Part 4: Model Category: Setting

This chapter begins the investigation of a five-part Model. This Model provides a simple, logical way of organizing historical information. One of its four main elements is Setting, defined in the broadest sense of the word—the entire milieu of an event or situation, both natural and human-made. Setting includes all the environmental phenomena with which the physical and earth sciences deal, plus the products of technology, architecture, and city planning.

After World War II, in many cities across America, city authorities tore down slums and built housing for the poor. New high-rise apartments placed well back from the streets in landscaped parks replaced old, run-down three- to five-story buildings jammed up against sidewalks. Instead of an unsightly mix of stores, bars, businesses and low-rise apartments, the new housing complexes were dedicated to one purpose: providing good, modern apartments in quiet settings for the residents.

A result? Unexpectedly, crime rates soared in the new complexes. Where the old “slums” remained, the crime rates stayed low. In the old slums, businesses and bars kept the streets and sidewalks busy day and night. People watched the street from windows of the low apartment buildings. In this active setting, under the watchful eyes of many, crime was much less likely, and any person doing wrong was likely to be seen and stopped.
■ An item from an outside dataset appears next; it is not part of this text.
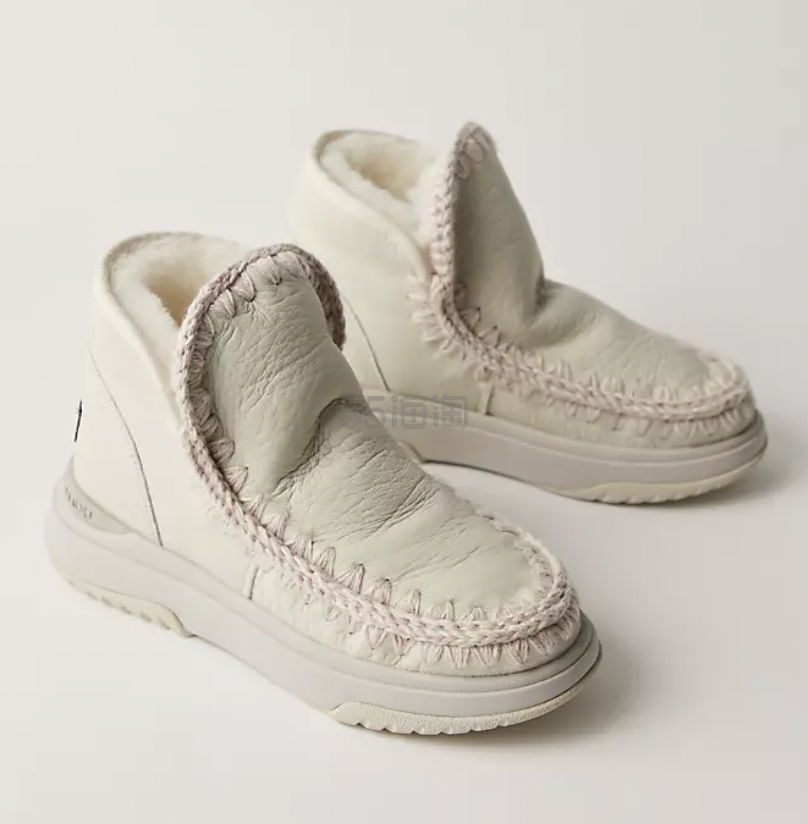 Mou Jogger 雪地靴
It’s been about a half century since the late Jane Jacobs pointed out the relationship between city environments and the behavior of residents. (The Death and Life of Great American Cities, New York, 1961, Random House). But it has been true throughout time—people shape settings, then the settings shape people.

Some of this is, or should be, obvious. Resources are a part of setting, and play an important role in our lives. The fuel used for cooking and heating in ancient Rome was wood. Forests within reasonable distance of the city were cut down, and fuel eventually became so scarce and expensive that some historians consider this as a major reason for the decline of the city at the end of the classical era.
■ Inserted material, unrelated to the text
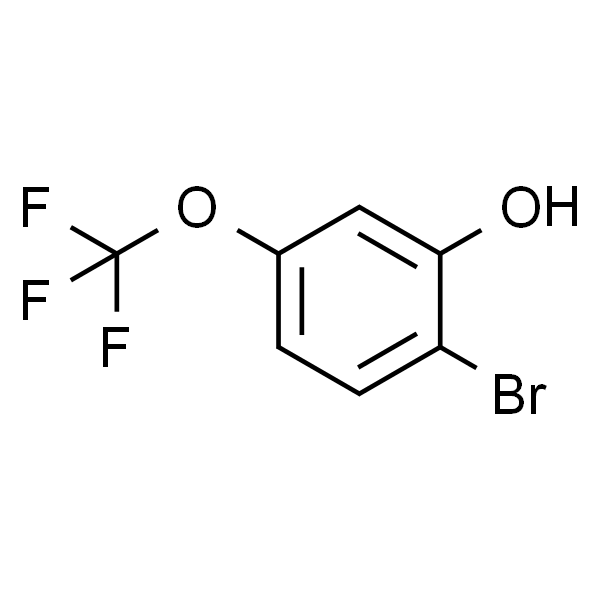 2-溴-5-(三氟甲氧基)苯酚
The development of a spring-steel plow capable of turning the heavy sod of the American prairie was one key to opening the west to farming. Here a tool (part of the human-made setting) interacted with a part of the natural environment to create historical change.

In general, American history books do point to the significance of the “technology” part of setting. Most trace the impact of canals, railroads, steamboats, the cotton gin, McCormick’s reaper, and the like on 19th century America. Tools and technology are such obvious “engines of change,“ we may neglect others such as gradual climate change, the build-up of toxins in the air or water, the appearance of non-native plants, animals or insects, or the deterioration of infrastructure.

The study of history is incomplete without considering the significance of setting.